Part 1: In Which Much Is Revealed About The Condition of Future New York

August 11, 2112

Dear Marie,

The cowboys were rowdy tonight, as were their familiars.

Yes, yes, I’m having the same dreams again, I fear. Truth be told, it hardly seems worth the effort to go on trying to avoid them any longer. When you come to reach my age, you realize that there’s a certain satisfaction to be had in confronting that which plagues the moonlit hours.

All bluff and bluster aside, I was naturally shaking with latent dream-terror upon awakening this morning in my lonely little New York one-bedroom. I use “morning” in only the loosest sense of the word, of course, as much to my chagrin I’d awoken from my rather fright-filled repose at the ungodly hour of three AM. Shaken, and with the prospect of sleep no more than a dim blot on the horizon, I decided to calm my nerves with a glass of warm milk. And by milk, I meant hard drugs, not so much drunk as injected directly into my forehead.

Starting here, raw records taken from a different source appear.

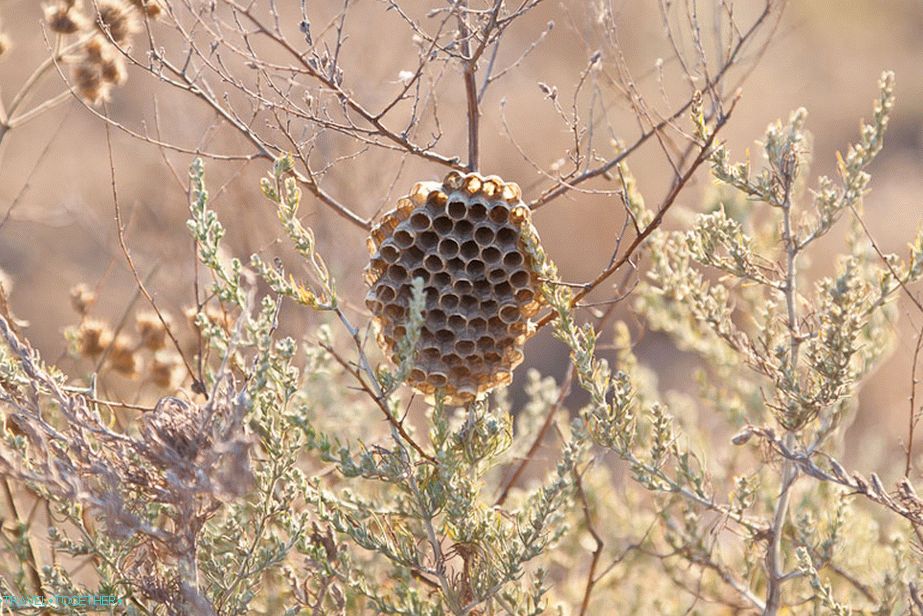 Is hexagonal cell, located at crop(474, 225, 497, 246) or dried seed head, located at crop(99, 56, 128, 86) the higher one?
dried seed head, located at crop(99, 56, 128, 86)

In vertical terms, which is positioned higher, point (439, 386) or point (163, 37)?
point (163, 37)

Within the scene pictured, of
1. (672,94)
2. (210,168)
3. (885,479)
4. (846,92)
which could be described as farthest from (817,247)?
(210,168)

Loosing myself from the blankets I’d tangled about my legs in the night, I afforded myself a brief moment to reflect upon this latest iteration in the serialized horror show that my dreaming sleep had of late become. The dusty saloon, ancient beyond time, vacant but for its three ghostly patrons and their familiars. Three cowboys, each one cutting an imposing figure as if sculpted with great pride by their Creator, now grown hazy and indistinct with age and their spectral pallor. Their familiars, tiny leprechauns, dancing between their legs and mocking them all the while. Usually I enter to find the cowboys alone at the bar, sipping their whiskeys and their sarsaparillas as the leprechauns nagged, shoulders sagging under the burden of no doubt weary lives. Sometimes they are contented merely to stand, toes tracing patterns in the accumulated dust of years, occasionally giving one another reassuring, if uncomfortably protracted, pats upon the rear.

Tonight, though, the ghostly cowpokes were in a rare state. Rather than moldering away on their barstools, I found the phantom figures and their accompanying leprechauns out on a crowded dance floor, kicking up their heels to a saucy, infectious, possibly Latin beat. Everywhere around them, the frenzied dancers danced, blissed out on the groove, and probably Ecstasy. But no matter how enthralled/high they were with the music/drugs, all eyes in the room were on the cowboys and their familiars, busting passionate moves to that spicy European rhythm. Watching the pulsing whirlwind of grinding hips, I began to worry that my moves might not measure up. Sure, I remembered a few tricks from my Chippendale’s days, but could my tired repertoire really match up against this in-your-face display of raw Latino heat?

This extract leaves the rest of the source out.